Verso suelto
Los niños del espray
Los que han pintado la muralla aprendieron que el patrimonio estorba a las hormigoneras
Los chavales que la otra noche pintaron la muralla almorávide de Ronda del Marrubial como si fuese la tapia de un solar abandonado no son hijos descarriados que no están a la altura de la historia de Córdoba ni frutos del desencanto de una generación que no consiguió aprender de sus mayores. Todo lo contrario. Los niños, y aunque tengan treinta años los consideraré adolescentes porque su acción refleja los valores inmaduros de quien es incapaz de medir las consecuencias de lo que hace, no hacen más que plasmar, con el brillo del espray y el desparpajo del que piensa que no debe temer nada, lo mismo que aprendieron de la ciudad que les rodeaba. No traicionaron las enseñanzas de nadie de su alrededor y tal vez aprendieron de los talleres de grafiti que se pagaron con dinero público.

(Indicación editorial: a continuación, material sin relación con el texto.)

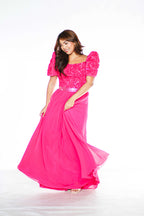 Fuschia Beaded Full Gown Filipiniana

La propaganda y la ensoñación complaciente, aquella que se ponía camisetas azules para luchar por la Capitalidad Cultural 2016 sin que nadie supiera muy bien en qué consistía, dibujaron la quimera de una ciudad que había recibido su patrimonio y su historia con el mimo con que recogía una candela preciosa que no tenía que apagarse en ningún momento. Como las palabras son gratuitas, a eso se le añadía una especie de conciencia multicultural innata por la que cada niño que veía la luz en Córdoba venía ya programado para respetar viejas mezquitas aljamas, hablar castellano antiguo, árabe y hebreo y respetar a los vecinos que nunca comían tocino casi tanto como a los que se olvidaban de la carne en Cuaresma.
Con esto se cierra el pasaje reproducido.